On reçoit un appel de la société d'autoroute ou des gendarmes. Quand la panne a lieu sur l'autoroute, c'est plus facile car on nous indique le point kilométriques (PK) exact, on sait où on va et dans quel sens. Sur la nationale, c'est plus compliqué. Notre priorité une fois sur place, c'est de mettre en sécurité les clients, qu'ils mettent les gilets et s'éloignent le plus possible de la route. On essaie de réparer sur place, sinon on enlève le véhicule et on prend en charge les clients.

On ne fait pas que dépanner la voiture, il y a vraiment un suivi derrière: une fois arrivé au garage on décharge le véhicule et on contacte l'assistance pour que les clients soient rapatriés. Les clients choisissent s'ils veulent que leur véhicule réparé soit livré dans un garage ou une concession de leur choix. Donc il faut les appeler, et puis après il y a l'attente du taxi… En ce moment tout le monde est débordé donc souvent les assistances nous laissent nous débrouiller seuls pour trouver le garage de livraison du véhicule et le taxi.

"Des cartes postales pour nous remercier"

En interventions, on a de tout et on en voit parfois de belles. Il y a les clients qui ne sont pas contents parce leur voiture est récente, parce que ça leur gâche les vacances. Donc quand on arrive, on absorbe leur colère. On se fait engueuler. Ils ont l'impression qu'on se fait du beurre sur leur malheur. Après, il faut les comprendre, ils travaillent 11 mois dans l'année pour se payer des vacances, ils doivent arriver à l'heure pour prendre leurs locations de vacances, il y a des bateaux à prendre, les enfants qui s'impatientent…

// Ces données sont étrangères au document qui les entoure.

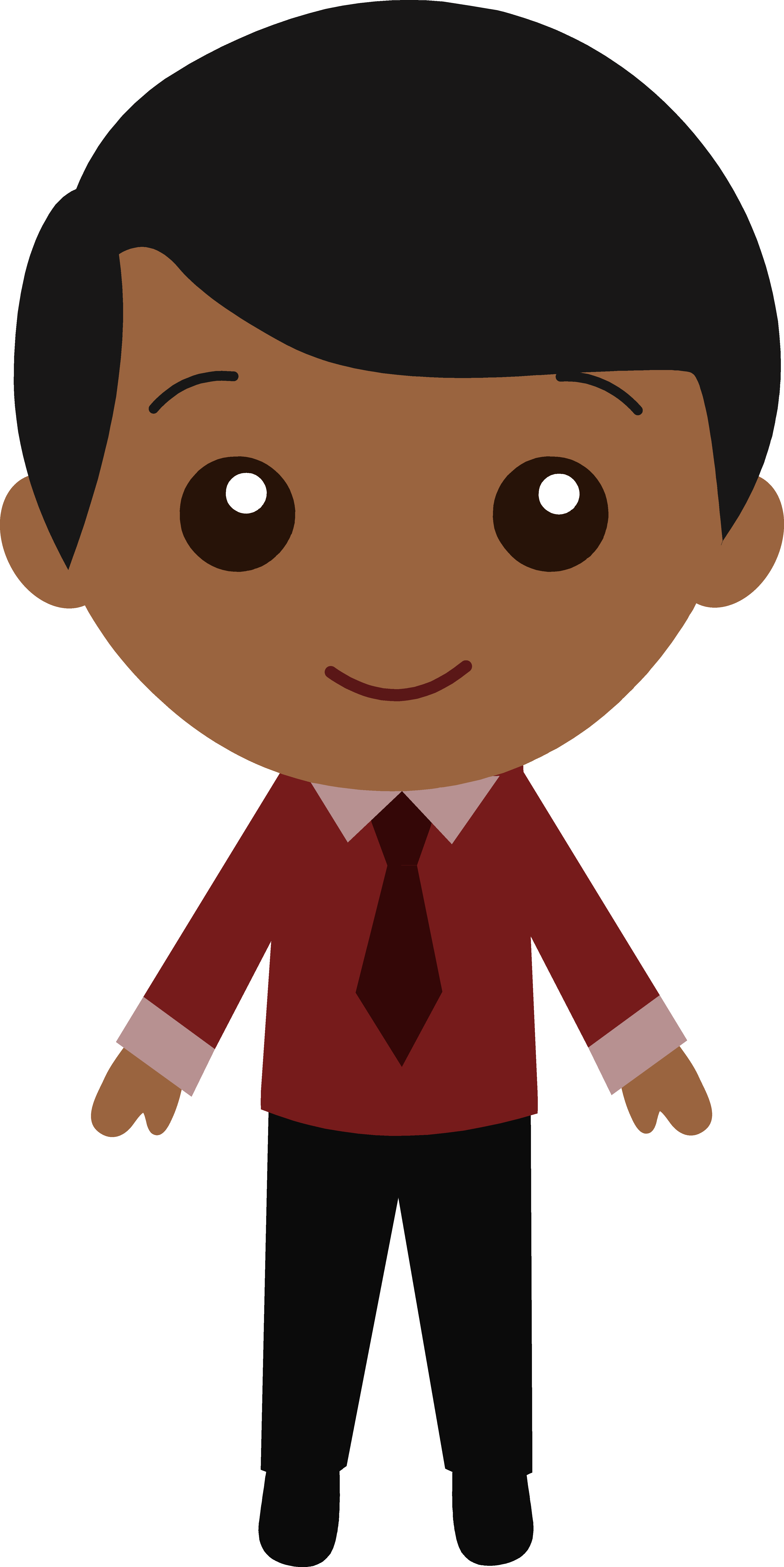 Cute Guy Clipart - Brown Boy Clipart (4006x8004)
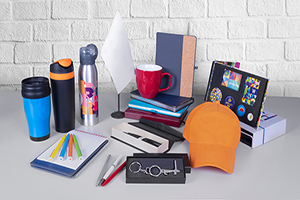 Composition of different promo products - Thermo mug, mug, gifts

Et puis il y a les gens qui nous accueillent à bras ouverts parce qu'ils vont pouvoir être évacués. C'est arrivé que des gens fassent un crochet pour venir au garage pour nous saluer quand ils repassent l'année suivante. D'autres qui nous envoient des cartes postales ou des mails pour nous remercier. C'est plaisant et gratifiant, on se dit qu'on a été utile. C'est ça qui me plaît dans ce métier.

"Parfois, on se fait peur en intervention"

C'est un métier dangereux. Quand on est sur le bord de la route, croyez-moi on se rend compte de la vitesse. Parfois c'est chaud. Quand on est sur la bande d'arrêt d'urgence et qu'une voiture vous frôle à 130, ça fait bizarre. Et les poids-lourds, ça secoue… Il faut travailler vite, être très rapide tout en regardant l'environnement, et ne pas abîmer la voiture en l'accrochant à la dépanneuse. Parfois on se fait peur. Intervenir avec efficacité et rapidité plusieurs fois d'affilée nécessite de rester sur le qui-vive, parce qu'à un moment s'installe une petite routine et c'est là que l'attention baisse et qu'on peut faire des bêtises: ne pas faire attention à une voiture qui arrive en remontant dans la dépanneuse ou quand on manoeuvre.

On a des bandes réfléchissantes, des gyrophares, mais les gens roulent sans se poser de questions. Fréquemment, il y a des automobilistes qui nous klaxonnent en passant à côté, parce qu'ils estiment qu'on les gêne. Je n'ai jamais eu d'accident, mais des dépanneurs fauchés cela arrive. J'en parle à mes gars, je leur mets la pression pour qu'ils soient toujours sur le qui-vive, jamais dans la routine."